Costumes: Solid Colors
Costumes are integral to Dario Zucchi’s photographic strategy. Solidly colored outfits lend themselves to parallels with large color designs. At times Zucchi selects a simply dressed figure in green or red to engage with a similar color composition (figs. 193, 374, and 375). In other examples of his work someone wearing solid clothes may be connected to a single tone in a multi-colored painted background (fig. 052). In some instances Zucchi chooses a visitor with an outfit that matches two solid colors in a design (figs. 051 and 272). The woman standing before the Jim Dine painting has not only two analogous colors but the visual pun is emphasized by her parallel pose to the robe featured in the artwork (fig. 179). The posture also evokes an attitude of triumph or defiance. In Zucchi’s work a pose also can suggest a state of mind that a viewer might normally infer from a facial expression. The man positioned in front of the Morris Louis painting has his hands at his sides in what may be interpreted as a resigned attitude (fig. 427).

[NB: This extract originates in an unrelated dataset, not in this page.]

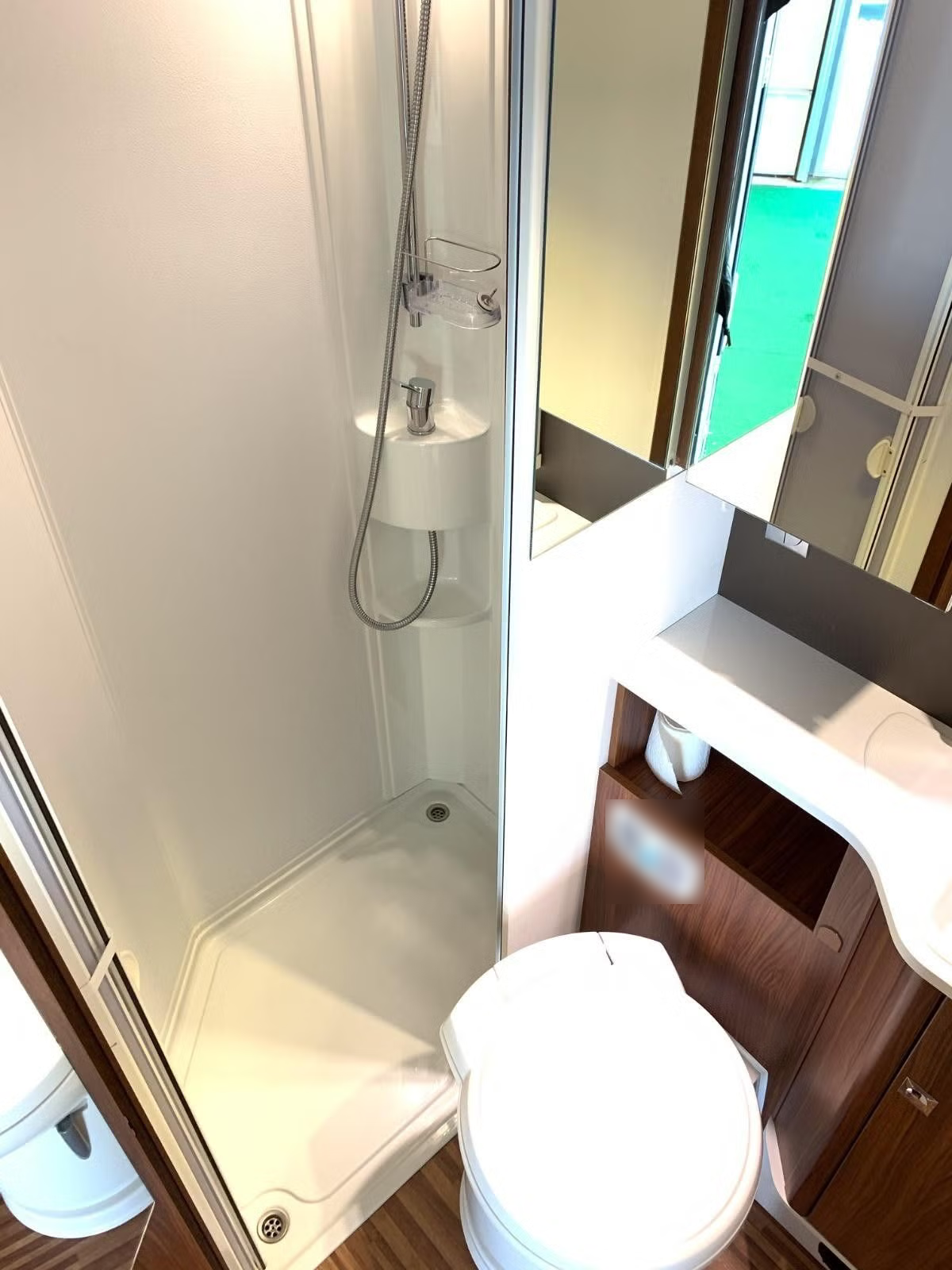 Adria Alcove 2017 17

One of Zucchi’s cleverest juxtapositions is that of a woman attired in yellow in front of a large yellow construction by Carmen Herrera (fig. 387). The color itself would have been sufficient to attract the artist’s lens, but the inclusion of the two eyes decorating the back of the garment adds wit to the photograph.
Another of Zucchi’s approaches is to choose an appropriately dressed person, in correct scale, to illusionistically interact with figures and environment in the background. In one of the artist’s images a female museum visitor appears to step on to the pavement in a Paul Chan photograph (fig. 064). Perhaps the young woman, dressed in a black top and blue jeans, is gazing at the African-American man wearing a blue shirt and black shorts. Or perhaps she has stopped to read the sign that he is holding. In either event Zucchi creates the illusion that the onlooker has been absorbed into the fictive space of the photograph. With similar intent, Zucchi places a standing figure in a white jacket in front of a painting by Julio Larraz (fig. 066). The young man, seen from behind, appears ready to join a bearded man in a boat, perhaps in front of the whale tank of an aquarium. As viewers we accept the fiction of these figures’ interaction as we marvel at Zucchi’s ingenuity.